Metapragmatic and metadiscursive linguistic expressions

Metapragmatic expressions in emergent social practice can be understood as linguistic expressions that lie beyond the level of the propositional structure of utterances and are used in a number of ways to position the speaker and the hearer with respect to those utterances. Discourse markers in English such as anyway, like, well, you know, I mean, and so on or meta-pragmatic particles in German such as doch, aber, mal, eben, etc. are all said to be inserted non-propositionally into an utterance to give the interlocutor(s) important clues in interpreting the speaker’s position or in positioning the interlocutor(s) with respect to what is said, or in linking the utterance in specific ways to previous or upcoming utterances in the interaction. As such they are often considered to have a procedural rather than a propositional function (cf. Blakemore 1992, 2002).

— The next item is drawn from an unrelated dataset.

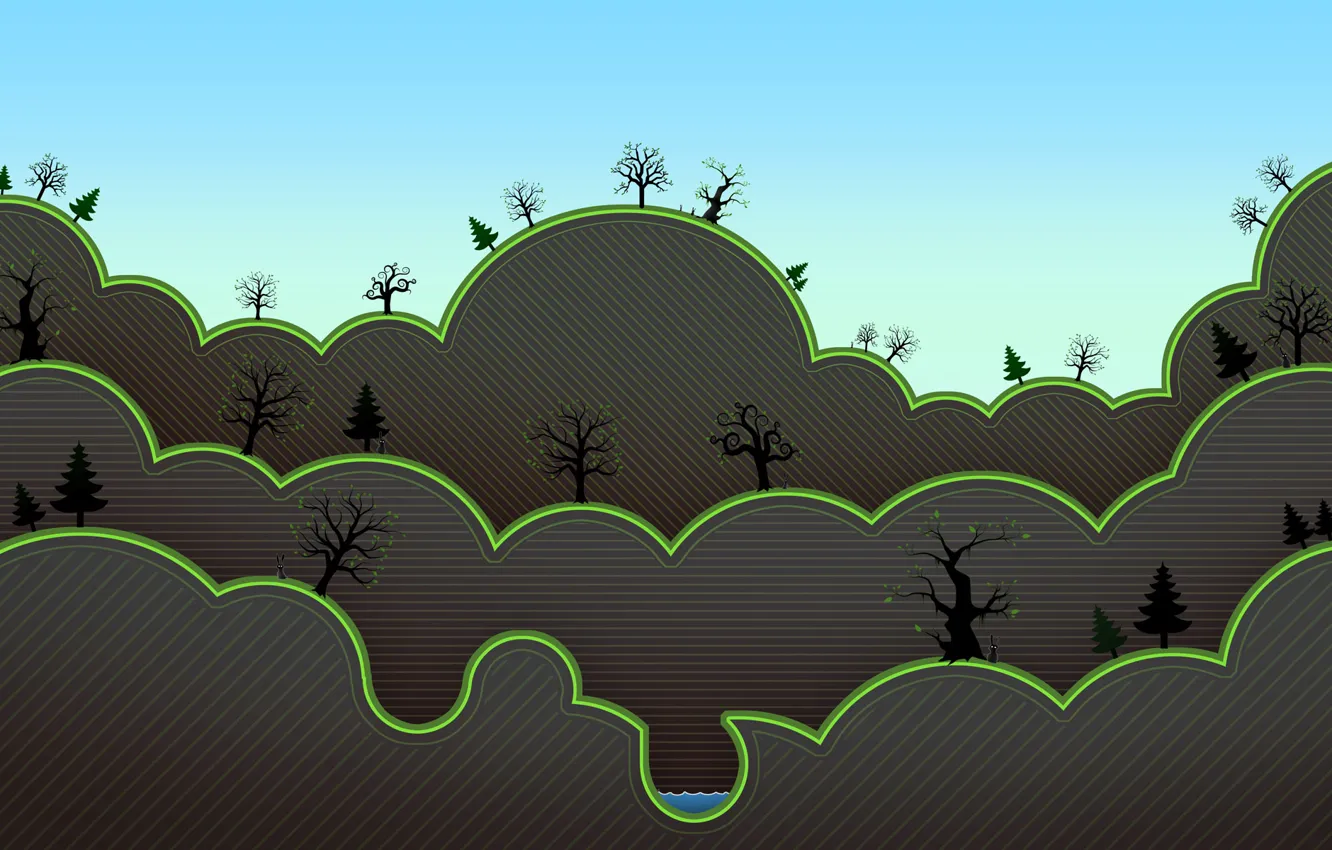 Photo wallpaper the sky, trees, lake, dawn, foliage, tree, hare, spring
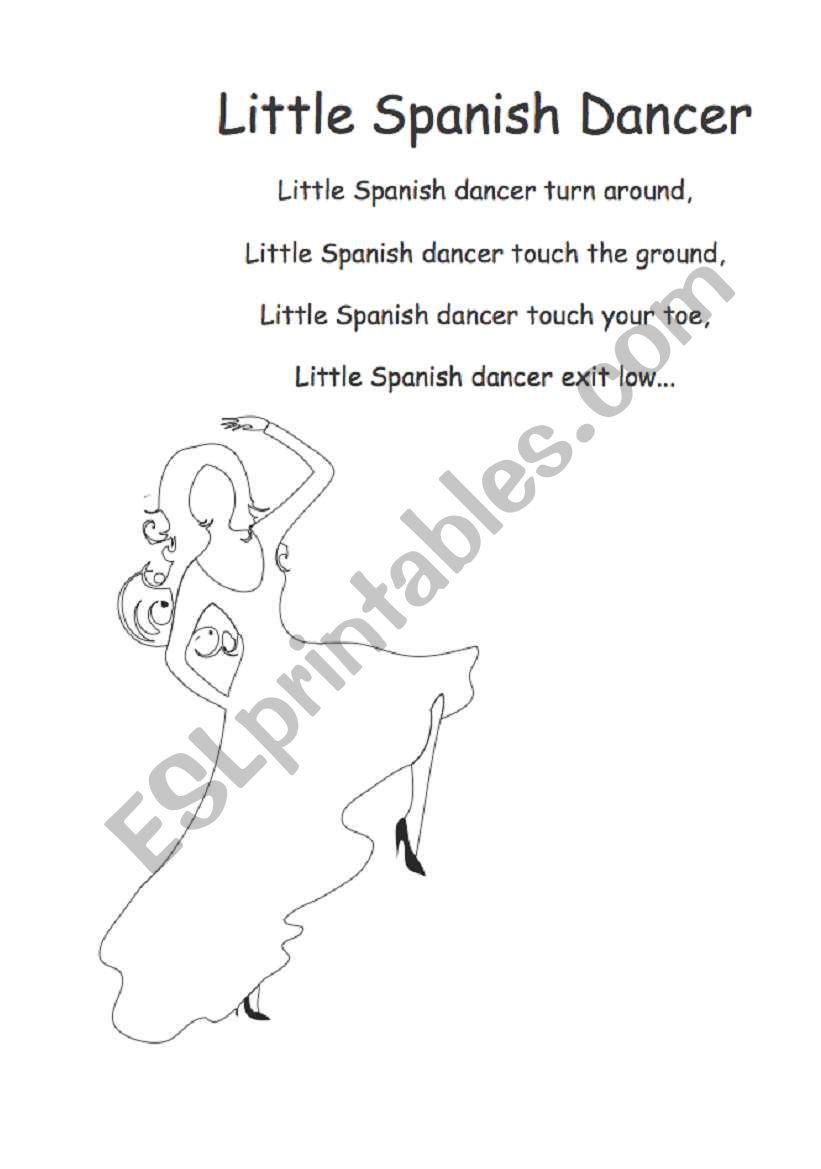 Song: Little Spanish Dancer. To colour in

In Watts (2003: chap. 7) I use the term “expressions of procedural meaning” (EPMs) to highlight this type of metapragmatic expression, examples of which are given below:

  • (1) . . . and he didn’t ring me up at all. Anyway, I was only half expecting him to.
  • (2) A: Excuse me. Can you tell me how to get to the station from here?

B: Well, I think so...

(3) . . . and I didn’t get it finished in time. I mean, I did try.

Other metapragmatic expressions may have the effect of positioning the speaker or the interlocutor outside the “world” of the discourse by commenting on it in the here-and-now of the interaction. They are thus similar to Labov and Waletsky’s functional category of “evaluation” in narrative discourse ([1967] 1997), as in the following examples:

  • (4) . . . so he told me to turn round and put my hands on my head. Now, I knew the gun didn’t have any bullets in it . . .
  • (5) The difference between the bark of the ash and that of the elm, which we

don’t see all that often anymore, is____

Since this latter category of expression positions the speaker/writer and the interlocutor/reader with respect to the overall discourse structure and orders of discourse outside the here-and-now of the ongoing discourse, I propose to call metapragmatic inserts of this kind metadiscursive expressions.

As we might expect, there is no clear boundary between metapragmatic and metadiscursive expressions, but I make this distinction for three reasons. First, in studying historical data, we had no access to overt orality until the advent of audiorecording technology at the end of the nineteenth and the beginning of the twentieth century, so it is not easy to classify which expressions function metapragmatically unless the discourse structure appears to simulate oral interaction or, as I intend to show, unless we have markers of what I call “inscribed orality”. Second, I wish to discuss a form of discourse that lies outside our modern-day discursive practices, in which written text was, at one and the same time, oral text to be committed to memory and transferred orally to others.